Exercise requirements:
An exact copy of every line from the one holding "Paul McKnight caught" to the end of the entries below is required; leave the pictures out.

[Brief descriptive captions]
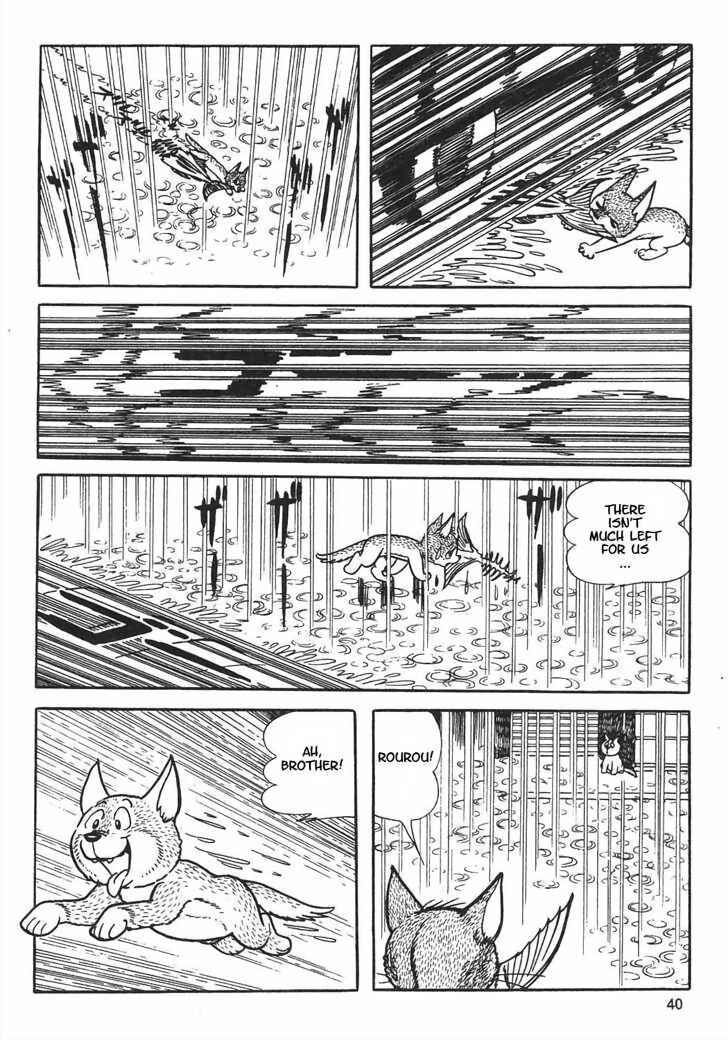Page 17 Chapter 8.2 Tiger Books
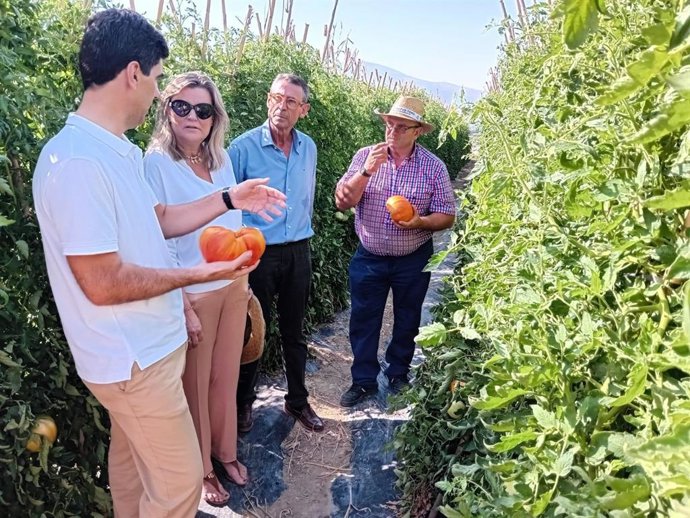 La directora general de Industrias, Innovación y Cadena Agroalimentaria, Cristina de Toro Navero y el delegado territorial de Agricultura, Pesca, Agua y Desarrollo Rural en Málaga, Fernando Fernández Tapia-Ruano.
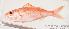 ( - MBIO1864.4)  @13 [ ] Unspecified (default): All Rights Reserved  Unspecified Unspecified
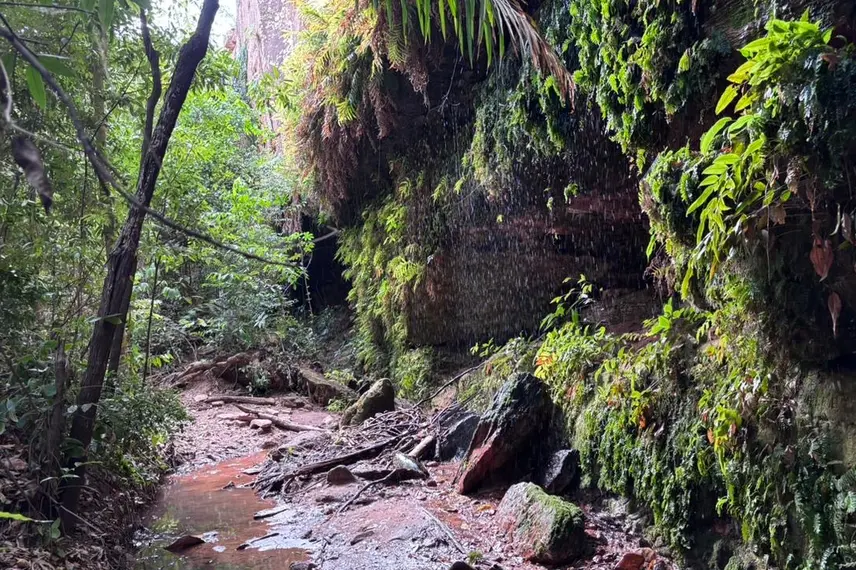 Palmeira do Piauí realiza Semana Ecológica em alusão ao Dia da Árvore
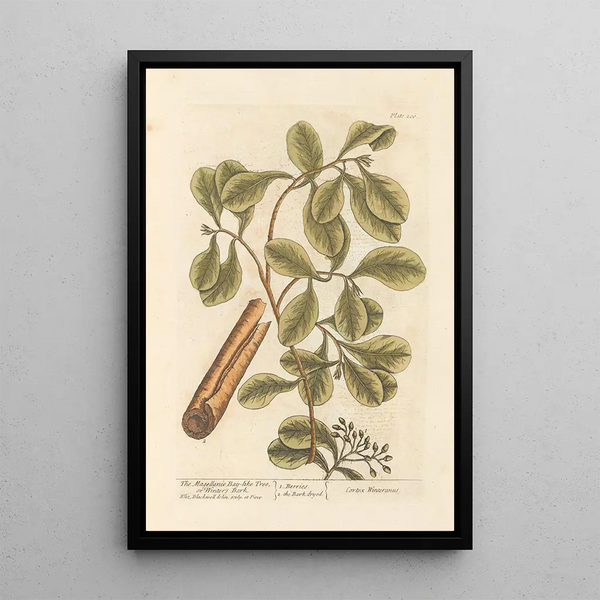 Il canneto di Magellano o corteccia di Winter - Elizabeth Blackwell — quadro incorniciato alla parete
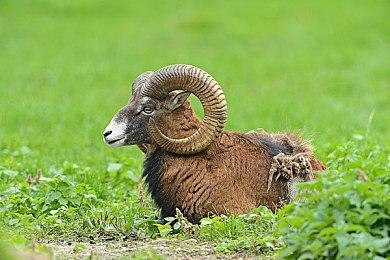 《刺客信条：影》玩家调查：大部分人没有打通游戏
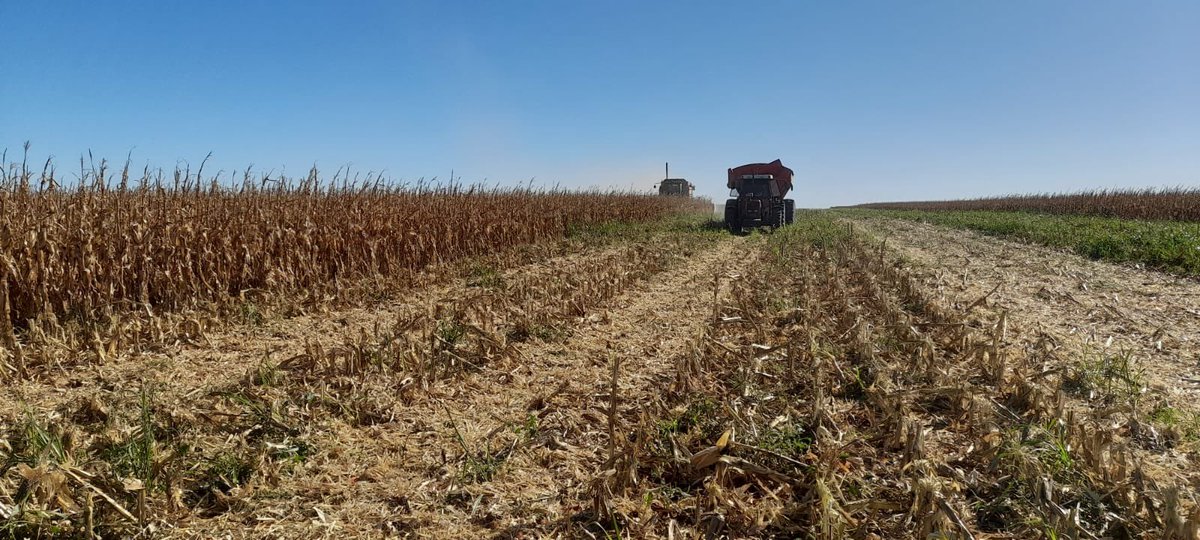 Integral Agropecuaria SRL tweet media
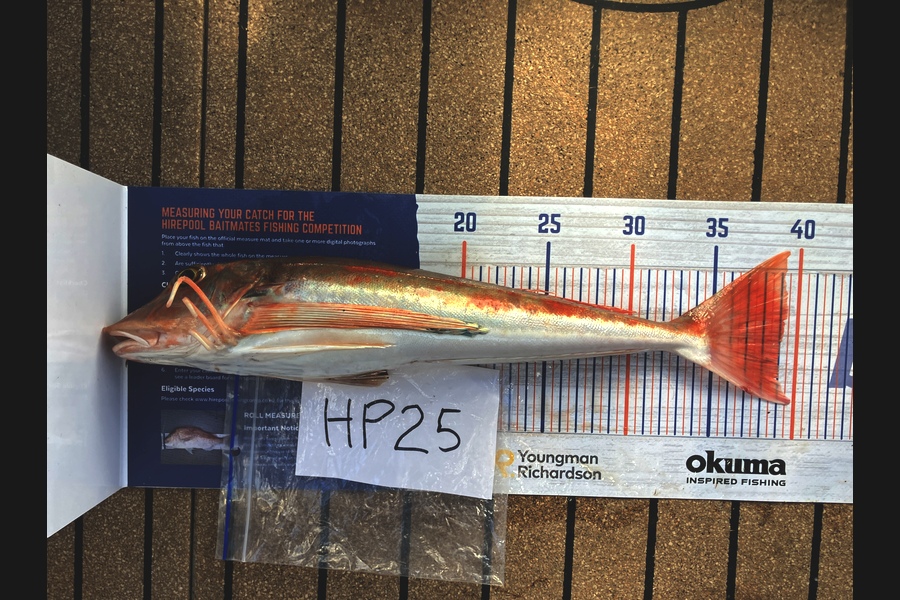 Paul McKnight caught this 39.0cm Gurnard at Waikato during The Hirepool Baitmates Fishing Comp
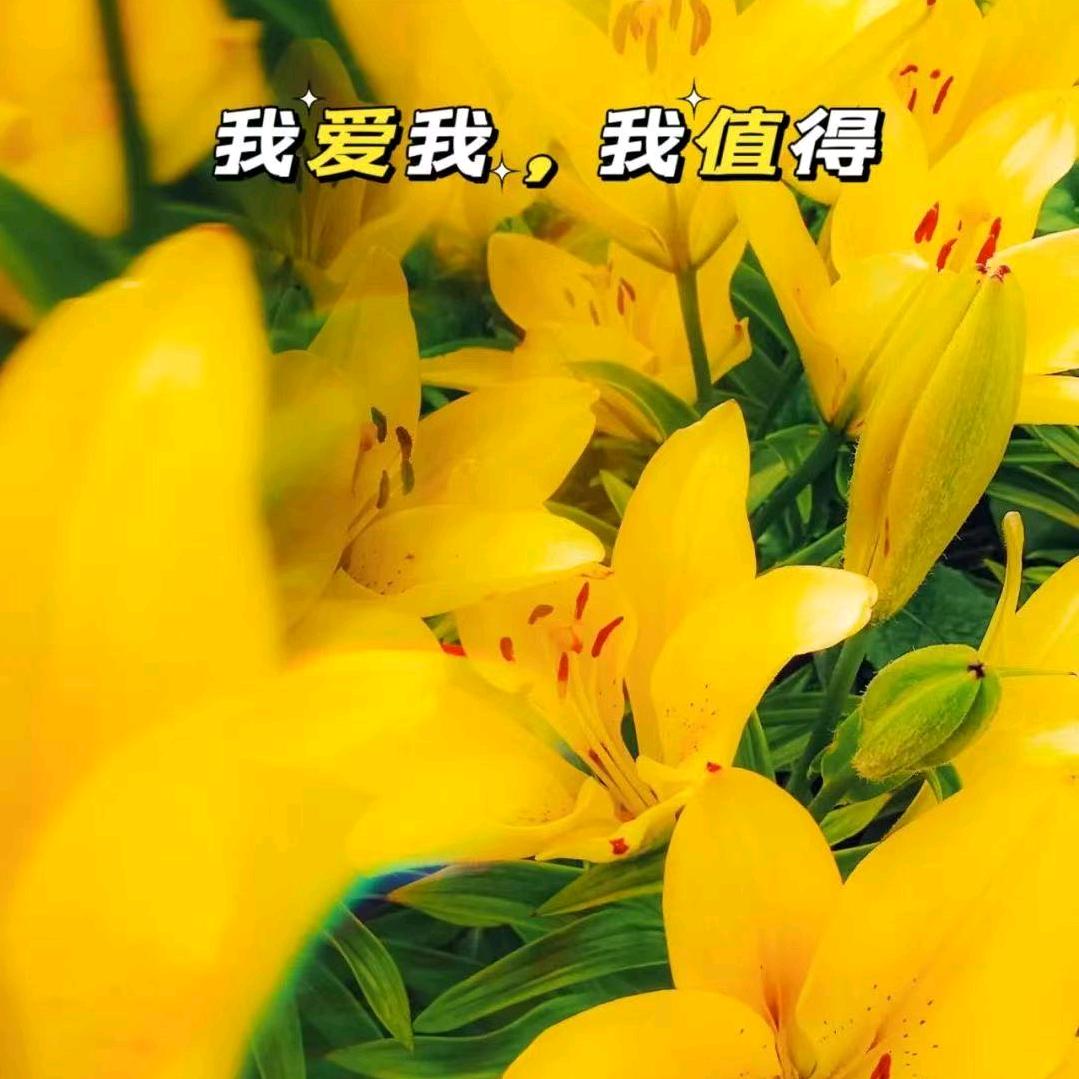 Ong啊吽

Result:
 Paul McKnight caught this 39.0cm Gurnard at Waikato during The Hirepool Baitmates Fishing Comp
 Ong啊吽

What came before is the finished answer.